George Steiner, Martin Heidegger, Paris, Flammarion, 2008
Desde sempre se construíram muros, primeiro para nos defender das invasões, proteger as nossas vidas, as nossas terras e os nossos bens. Só mais tarde é que outros tipos de muros se construíram. Se depois do muro de Berlim, estes muros impregnados de ideologia política e de opções de políticas internas começaram a proliferar sob o olhar impassível da ONU e das suas recentes e inconsequentes resoluções, estes parecem estar ancorados numa ideia de algo que sempre foi utópico, mas que paradoxalmente se afasta dos nossos textos fundadores e primordiais que apontam para a livre circulação dos seres humanos. Pois, nos mais conhecidos relatos utópicos, o espaço em que tal organização política e social é possível é sempre «entre muros», num espaço fechado.
Hoje em dia, apesar da famigerada ou bendita mundialização, continua-se a criar e construir muros que sob a égide da política constrange, limita, espia e/ou proíbe a livre circulação do ser humano, mas desta vez, estas divisões são feitas de olhos digitais indiscretos, de betão, de arame farpado e até de areia.
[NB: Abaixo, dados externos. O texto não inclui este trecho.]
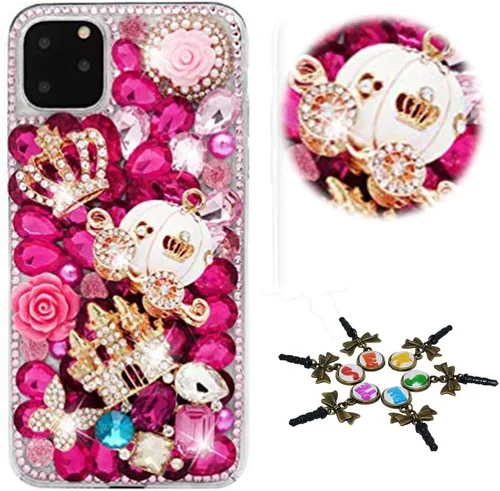 Miniatura 29 de Sparkle - Funda para teléfono compatible con Samsung Galaxy A12, elegante, hecha a mano en 3D, diseño de diamantes de imitación, diseño de diamantes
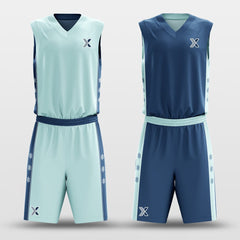 Snowflake - Customized Reversible Sublimated Basketball Set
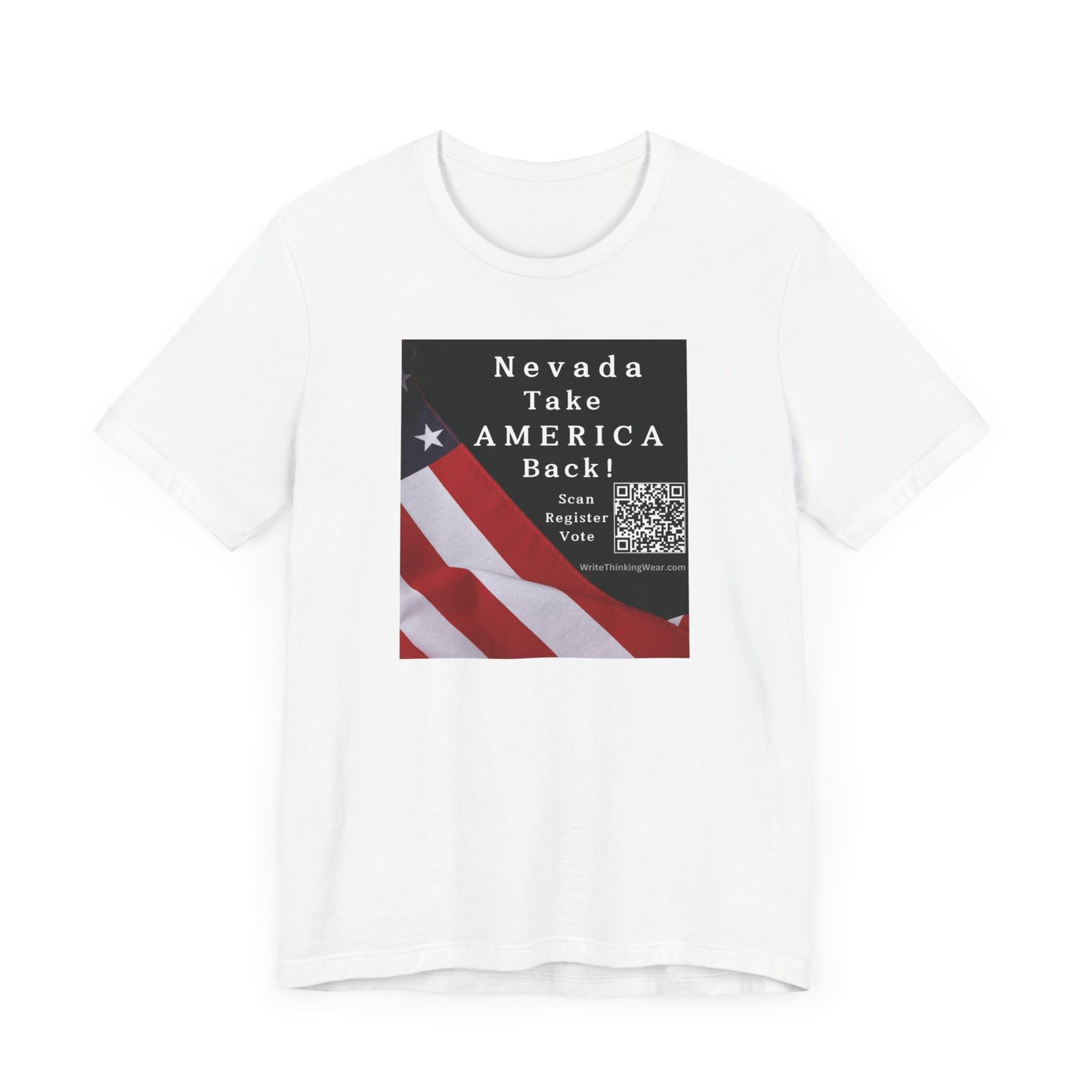 Nevada - Take America Back! Scan Register Vote -T-shirt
Basta lembrar: o muro israelita de 730 km, a projectada barreira americana de cerca de 1120 km, a linha verde em Chipre, os «no man’s land » da Coreia, do Nicarágua, o arame farpado em Ceuta e Melila e o muro de areia de cerca de 2000 km no Sara Ocidental[1]. Parece que os governos estão todos muito empenhados em proteger algo pouco claro, mas sempre apresentado como sendo a protecção dos seus cidadãos face a outros cidadãos que por vezes até podem ser cidadãos conterrâneos!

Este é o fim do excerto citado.